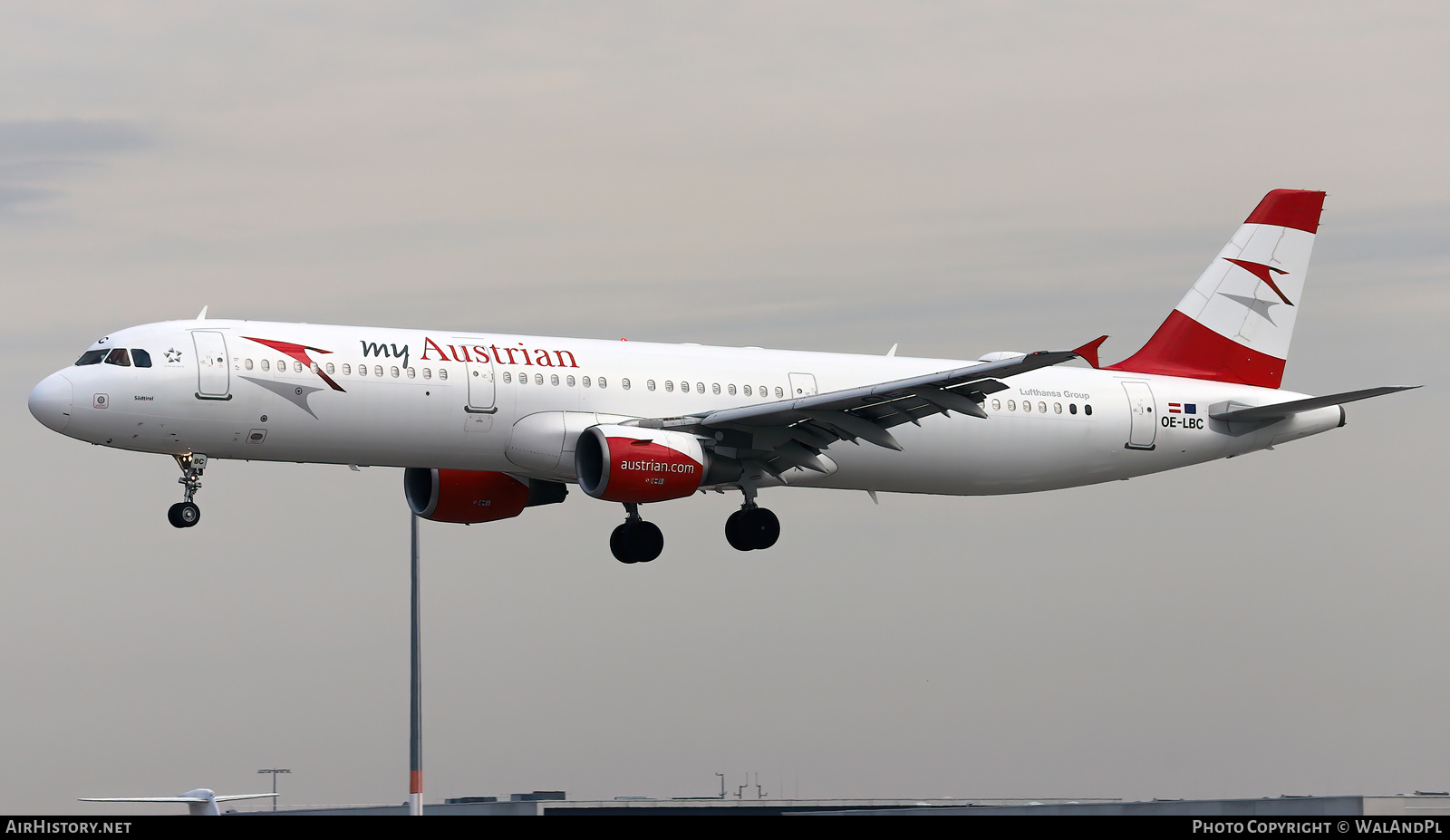 Aircraft Photo of OE-LBC | Airbus A321-111 | MyAustrian | AirHistory.net #567848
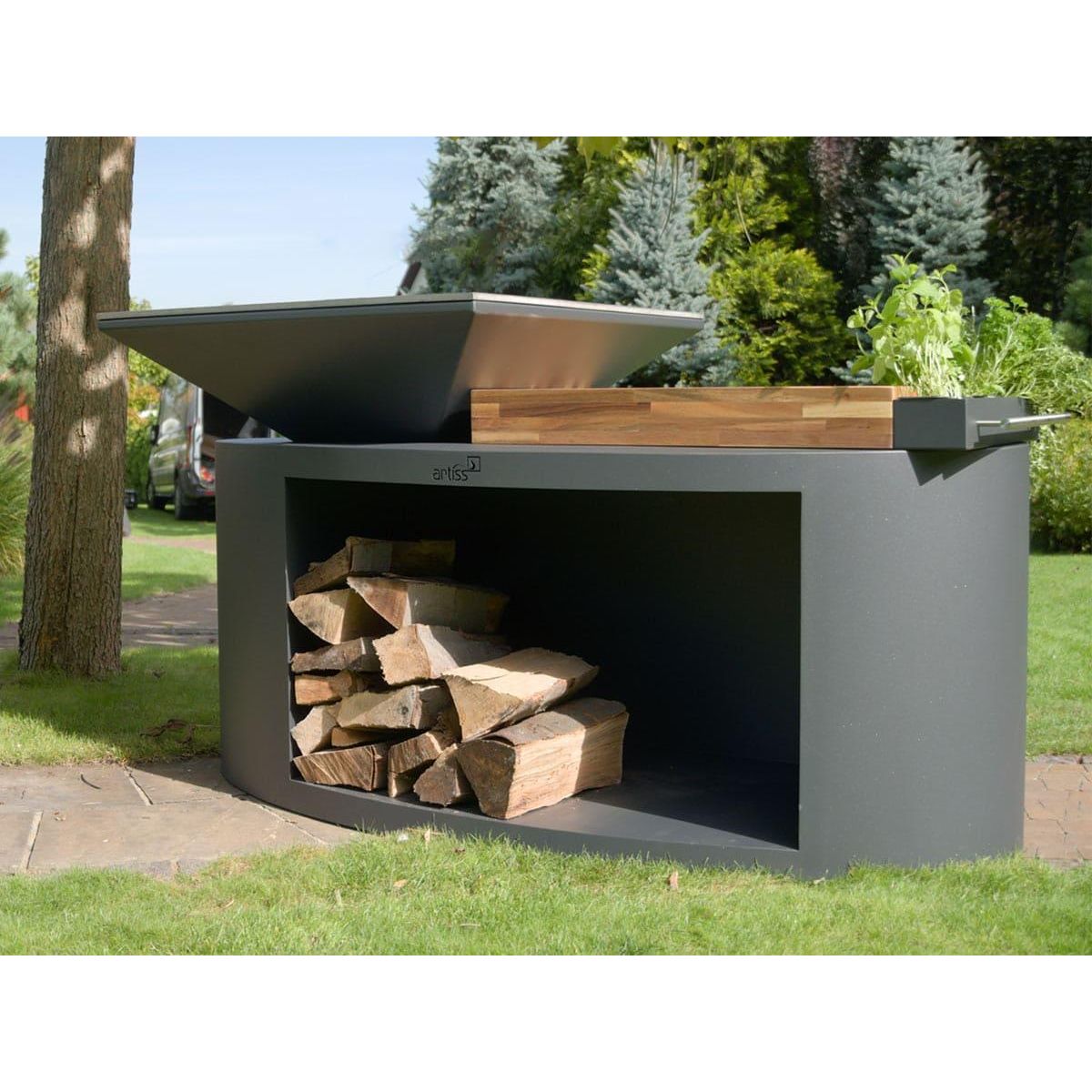 ARTISS DESIGN Brasero G3 Graphite plaque de cuisson acier inoxydable alimentaire - Artiss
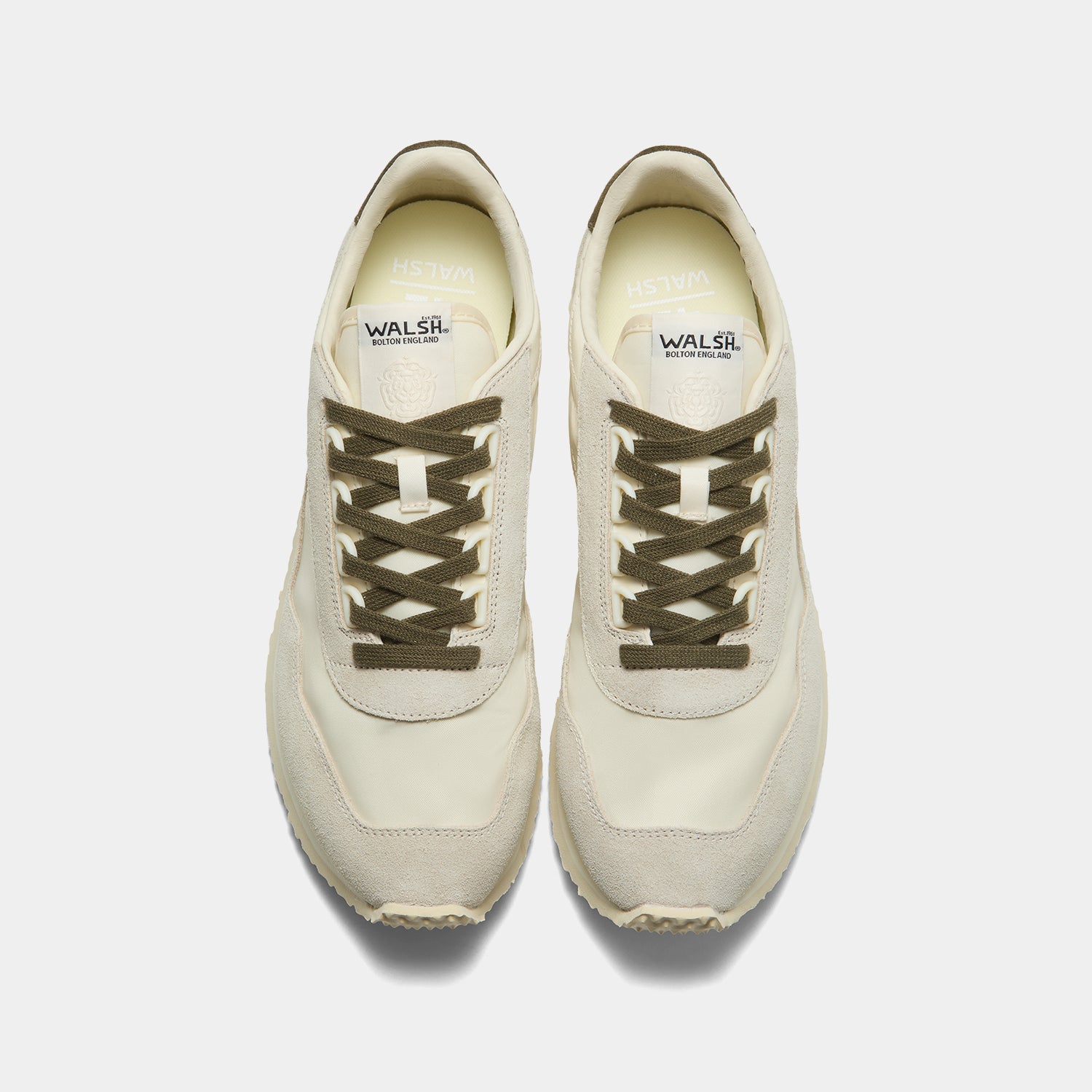 Ensign Lite - Off White & Olive Green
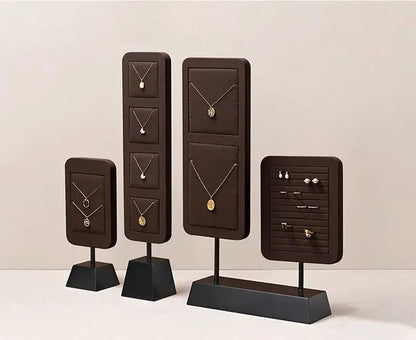 Jewelry display props, microfiber rings, earrings, necklace display, jewelry, jewelry display stands Jim Display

▶ Work task
Without any pictures, transcribe the listing above exactly as written.

▶ Written response
 Aircraft Photo of OE-LBC | Airbus A321-111 | MyAustrian | AirHistory.net #567848
 ARTISS DESIGN Brasero G3 Graphite plaque de cuisson acier inoxydable alimentaire - Artiss
 Ensign Lite - Off White & Olive Green
 Jewelry display props, microfiber rings, earrings, necklace display, jewelry, jewelry display stands Jim Display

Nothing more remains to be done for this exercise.